[WHAT THE EXERCISE ASKS]
Could you retype the lines below, starting at the line holding "Hand securing a strap to an orange kayak" and stopping at the line holding "Two white Toyota", inclusive? Copy them exactly and drop the images.

[DATA FOR THE TASK]
________________________
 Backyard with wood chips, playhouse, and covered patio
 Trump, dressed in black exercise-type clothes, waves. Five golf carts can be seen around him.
________________________
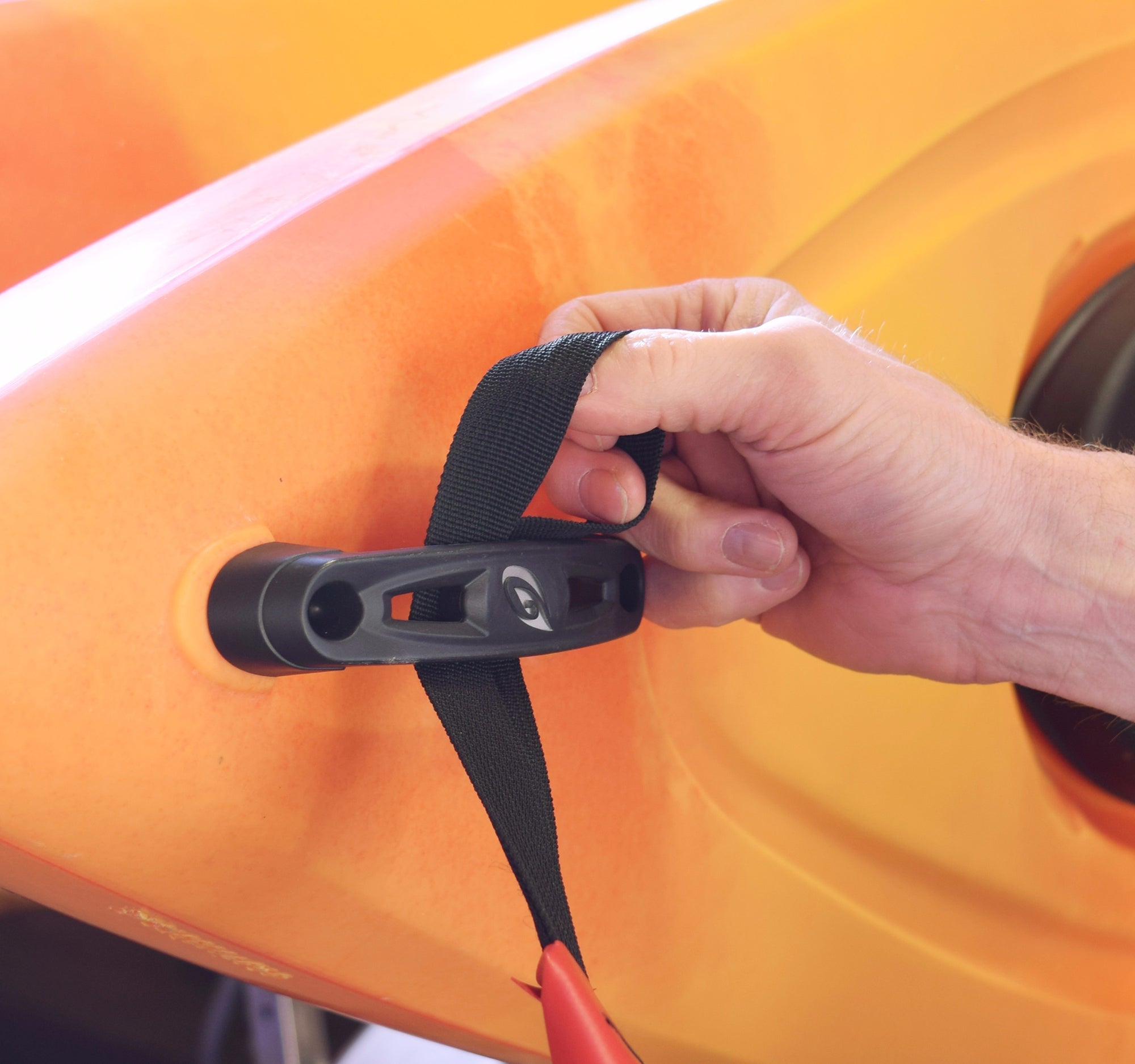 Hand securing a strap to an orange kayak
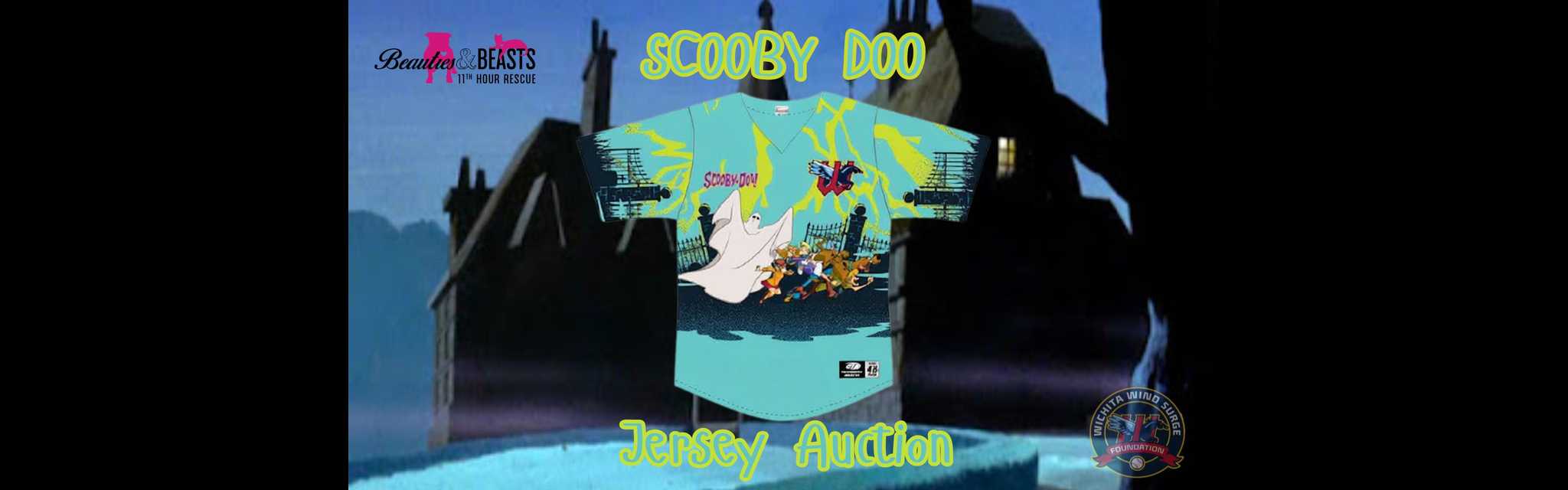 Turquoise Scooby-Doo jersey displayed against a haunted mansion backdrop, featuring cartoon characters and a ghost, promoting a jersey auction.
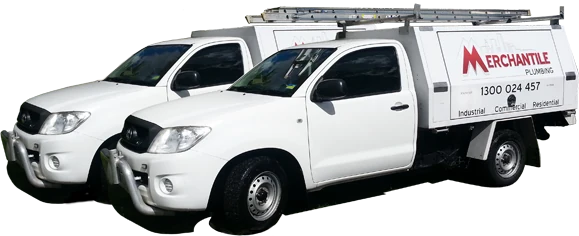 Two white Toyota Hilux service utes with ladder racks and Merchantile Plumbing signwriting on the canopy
________________________
[OUTPUT BELOW]
 Hand securing a strap to an orange kayak
 Turquoise Scooby-Doo jersey displayed against a haunted mansion backdrop, featuring cartoon characters and a ghost, promoting a jersey auction.
 Two white Toyota Hilux service utes with ladder racks and Merchantile Plumbing signwriting on the canopy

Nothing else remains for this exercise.